DATA FOR PROCESSING –
★ ★ ★ ★ ★
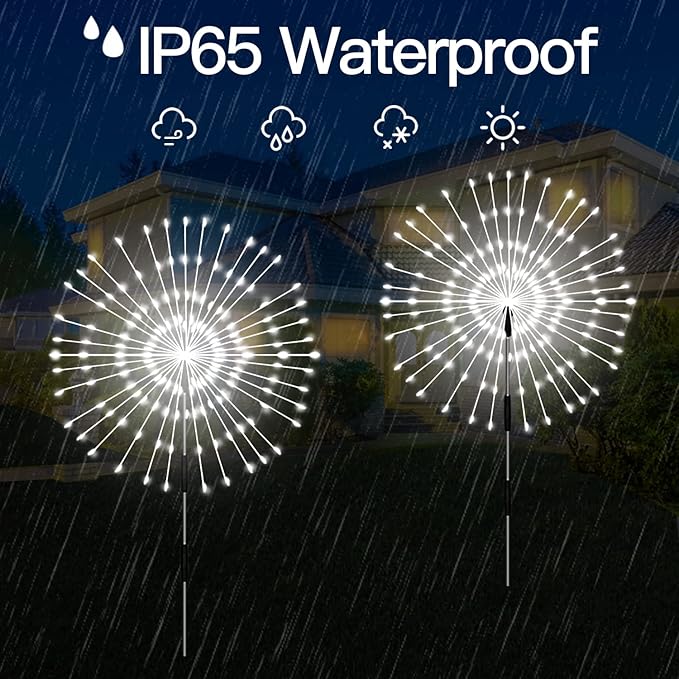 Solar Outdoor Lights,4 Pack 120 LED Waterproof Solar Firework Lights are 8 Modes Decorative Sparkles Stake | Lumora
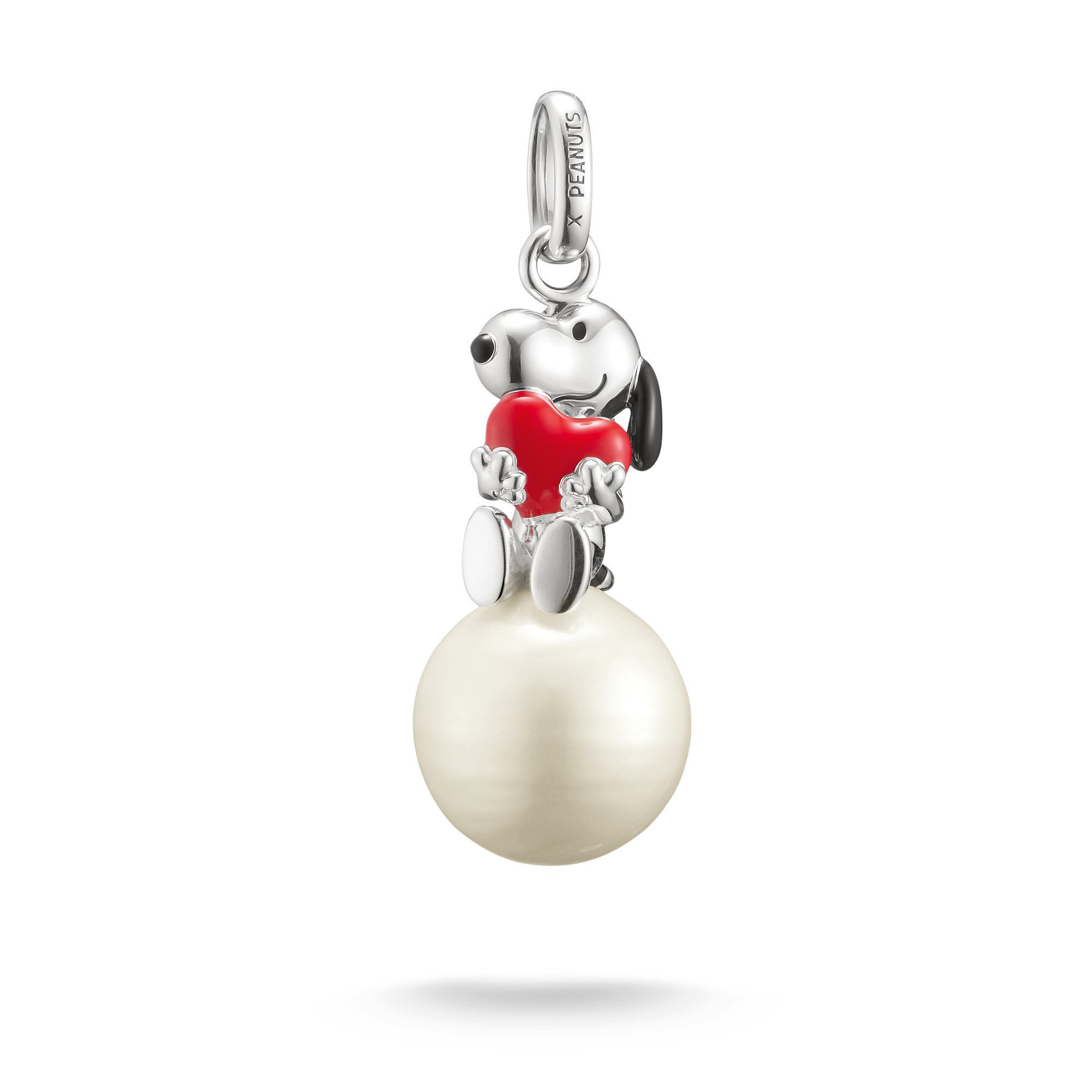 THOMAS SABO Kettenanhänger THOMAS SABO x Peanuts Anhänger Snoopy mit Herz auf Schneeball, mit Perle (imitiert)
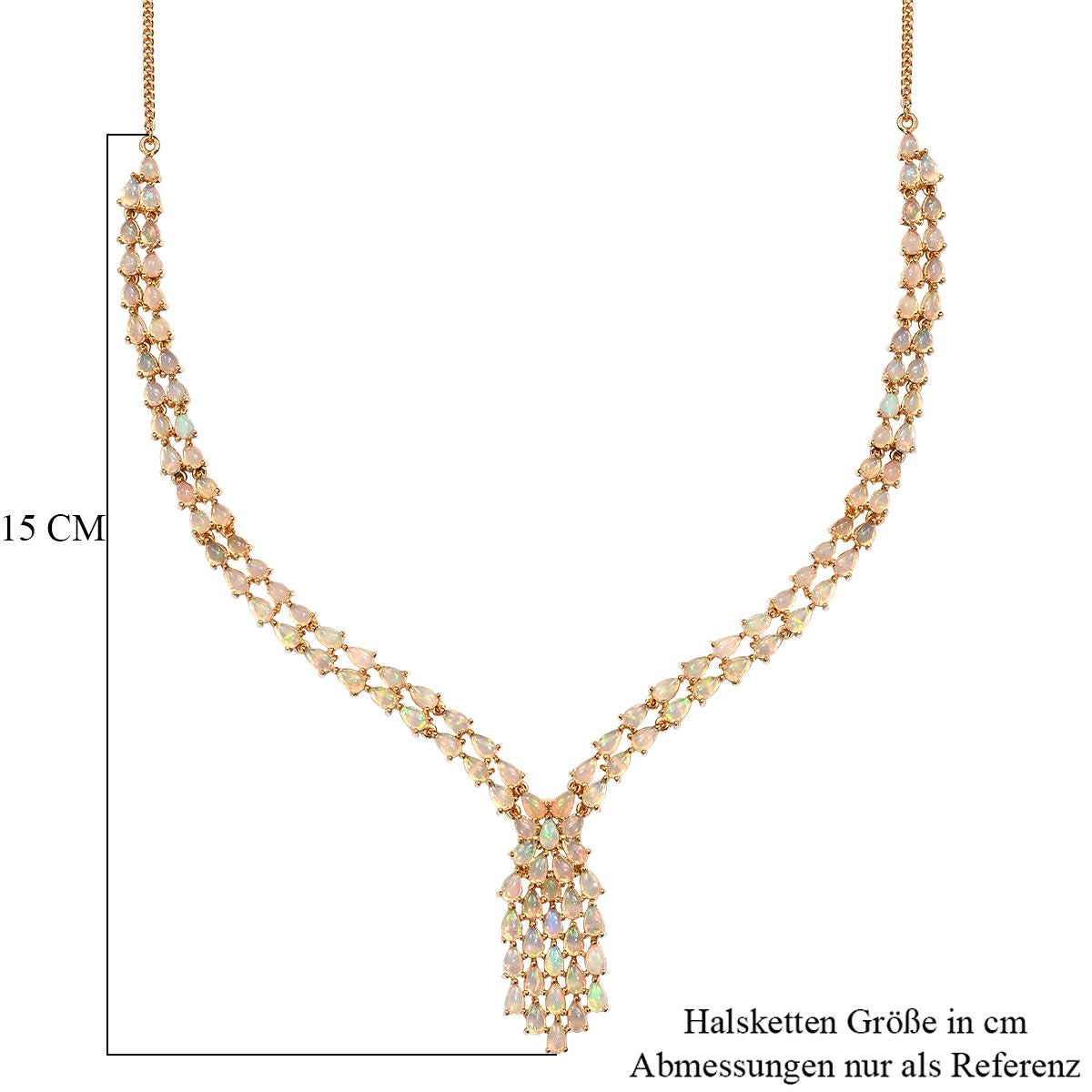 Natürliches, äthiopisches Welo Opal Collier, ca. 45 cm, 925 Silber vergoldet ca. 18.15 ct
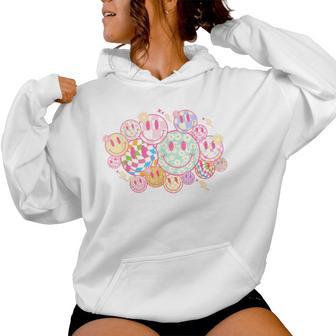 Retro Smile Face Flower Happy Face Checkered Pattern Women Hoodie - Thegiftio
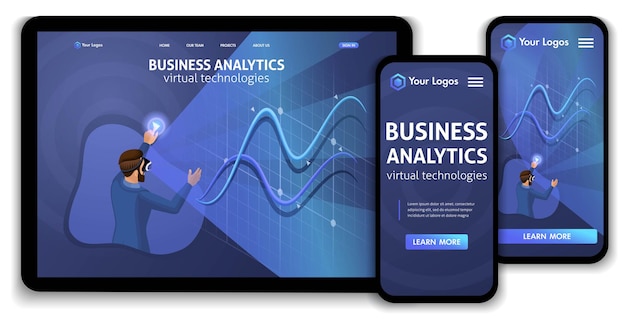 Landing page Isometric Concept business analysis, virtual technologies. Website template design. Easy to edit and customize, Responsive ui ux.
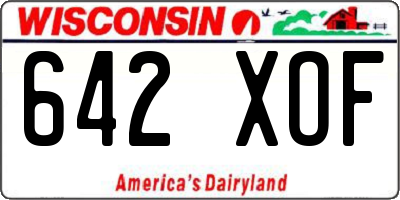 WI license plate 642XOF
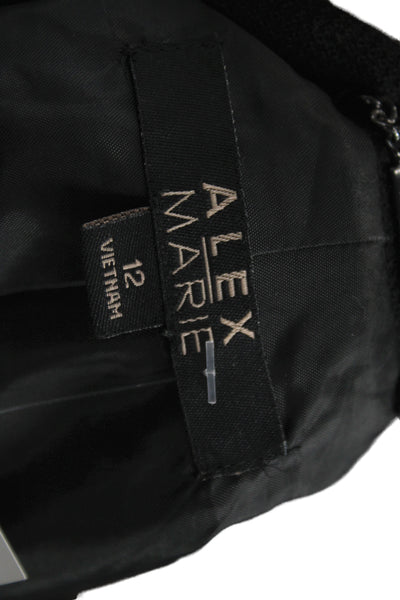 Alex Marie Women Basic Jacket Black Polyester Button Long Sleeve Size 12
★ ★ ★ ★ ★
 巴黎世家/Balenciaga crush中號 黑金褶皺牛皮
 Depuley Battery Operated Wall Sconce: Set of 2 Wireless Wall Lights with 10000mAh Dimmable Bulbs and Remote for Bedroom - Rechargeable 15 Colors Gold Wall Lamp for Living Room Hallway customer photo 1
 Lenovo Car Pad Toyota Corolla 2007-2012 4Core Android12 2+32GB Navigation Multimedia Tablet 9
★ ★ ★ ★ ★
PROBLEM – From the records above, copy only the lines running from the line containing "Solar Outdoor Lights,4" to the line containing "THOMAS SABO Kettenanhänger", both ends included. Leave the pictures out.

YOUR SOLUTION –
 Solar Outdoor Lights,4 Pack 120 LED Waterproof Solar Firework Lights are 8 Modes Decorative Sparkles Stake | Lumora
 THOMAS SABO Kettenanhänger THOMAS SABO x Peanuts Anhänger Snoopy mit Herz auf Schneeball, mit Perle (imitiert)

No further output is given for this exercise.